TASK ITEM:
Without changing a thing, reproduce the entire listing and leave out its pictures.

DATA PROVIDED:
----
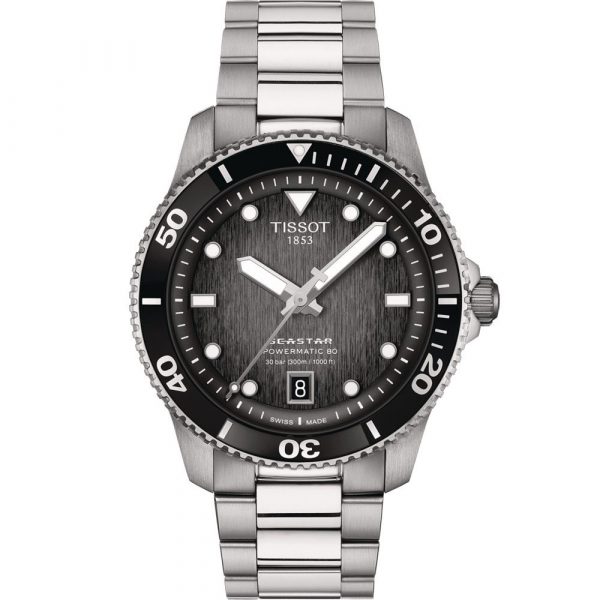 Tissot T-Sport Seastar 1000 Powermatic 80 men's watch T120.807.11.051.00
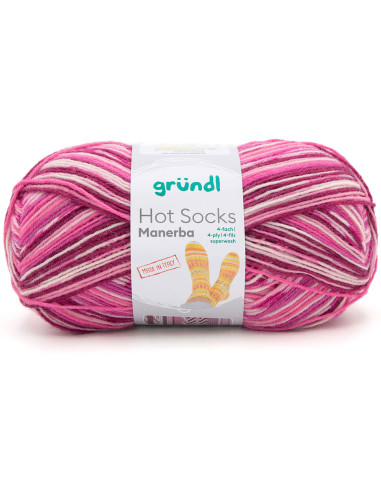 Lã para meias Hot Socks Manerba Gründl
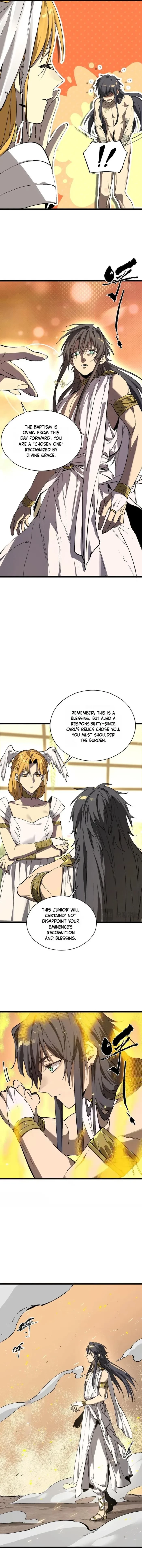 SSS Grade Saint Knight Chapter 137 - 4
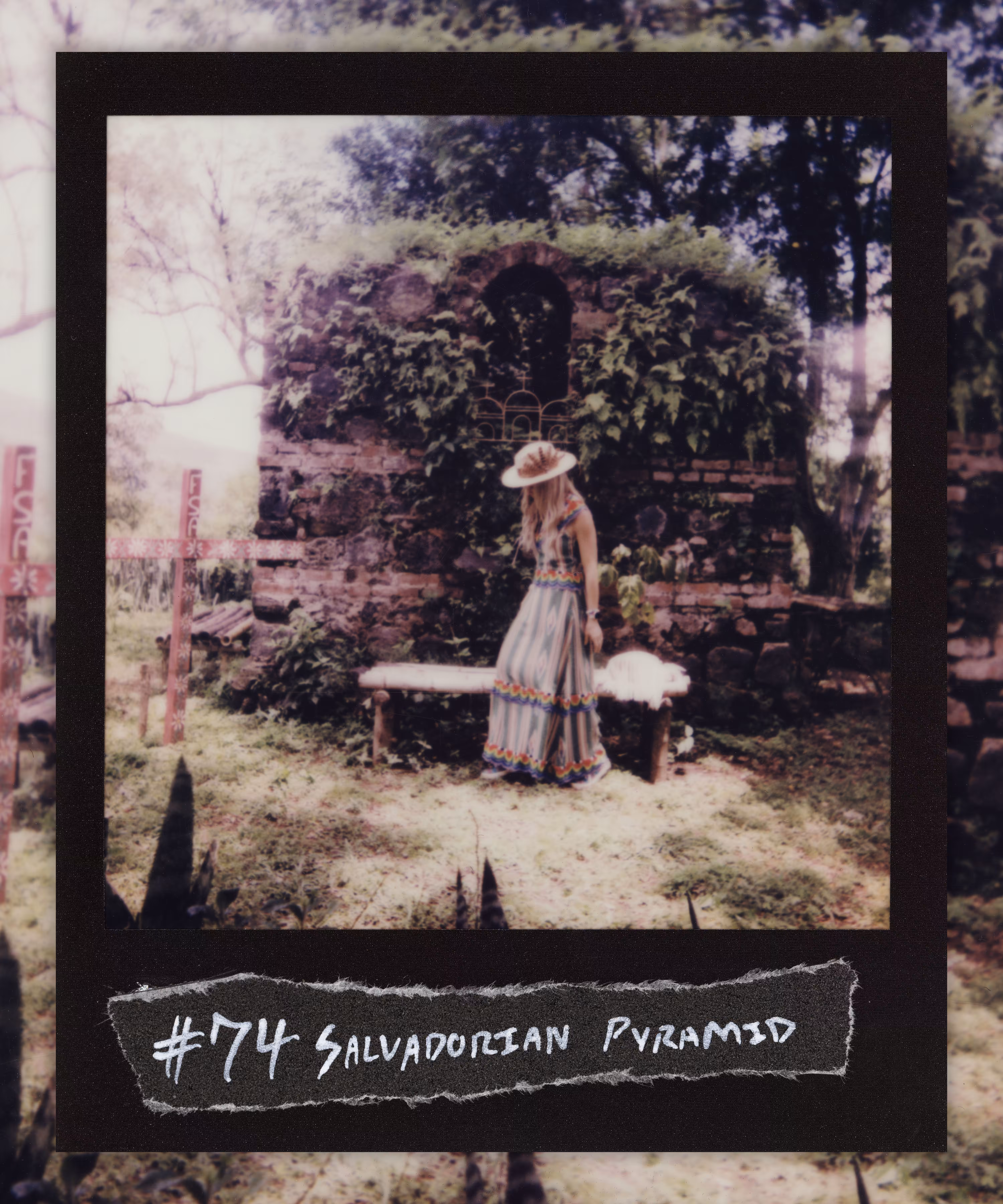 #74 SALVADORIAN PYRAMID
----
EXERCISE RESULT:
 Tissot T-Sport Seastar 1000 Powermatic 80 men's watch T120.807.11.051.00
 Lã para meias Hot Socks Manerba Gründl
 SSS Grade Saint Knight Chapter 137 - 4
 #74 SALVADORIAN PYRAMID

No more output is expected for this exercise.